ASSIGNMENT
An exact transcription of all the records is required, minus the images.

MATERIAL PROVIDED
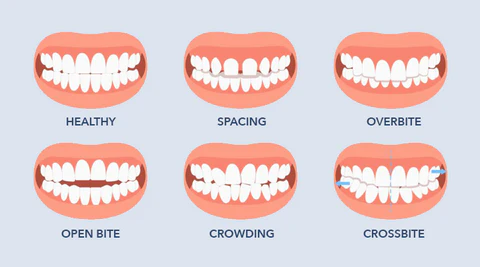 LIMETOW™ Dental Orthodontic Braces
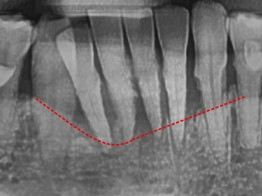 약수역 치과, 양치질 할때 피나고 냄새나는 잇몸병 관리 방법(워터픽, 먹는약) 관련 이미지 9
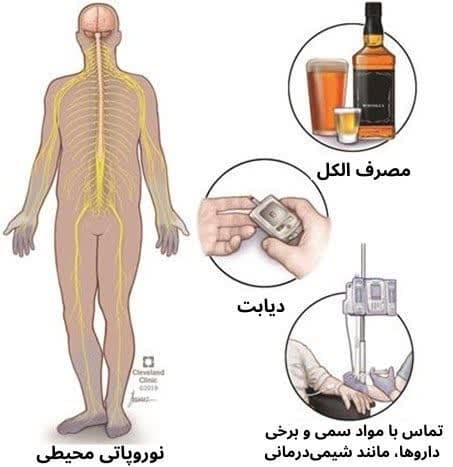 علل ابتلا به نوروپاتی/ علایم نوروپاتی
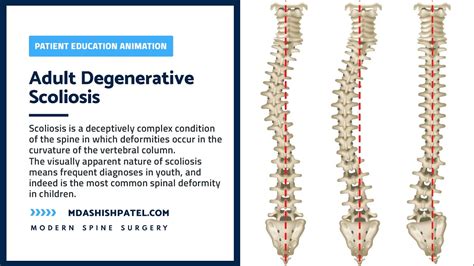 Adult Degenerative Scoliosis — Patient Animation - Ashish Patel, MD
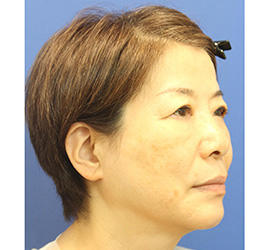 60代女性のヒアルロン酸骨格リフト Before 症例写真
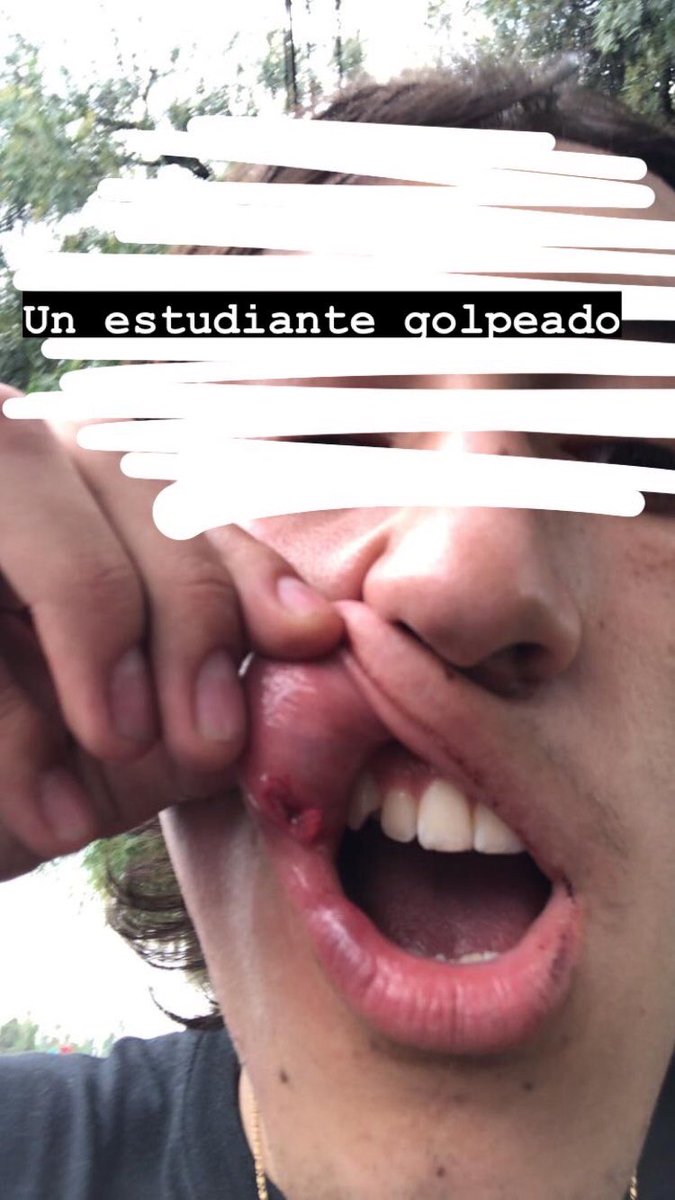 leotomasx's tweet photo. Evidencia adjunta https://t.co/RXVu7QMgMh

FINAL ANSWER
 LIMETOW™ Dental Orthodontic Braces
 약수역 치과, 양치질 할때 피나고 냄새나는 잇몸병 관리 방법(워터픽, 먹는약) 관련 이미지 9
 علل ابتلا به نوروپاتی/ علایم نوروپاتی
 Adult Degenerative Scoliosis — Patient Animation - Ashish Patel, MD
 60代女性のヒアルロン酸骨格リフト Before 症例写真
 leotomasx's tweet photo. Evidencia adjunta https://t.co/RXVu7QMgMh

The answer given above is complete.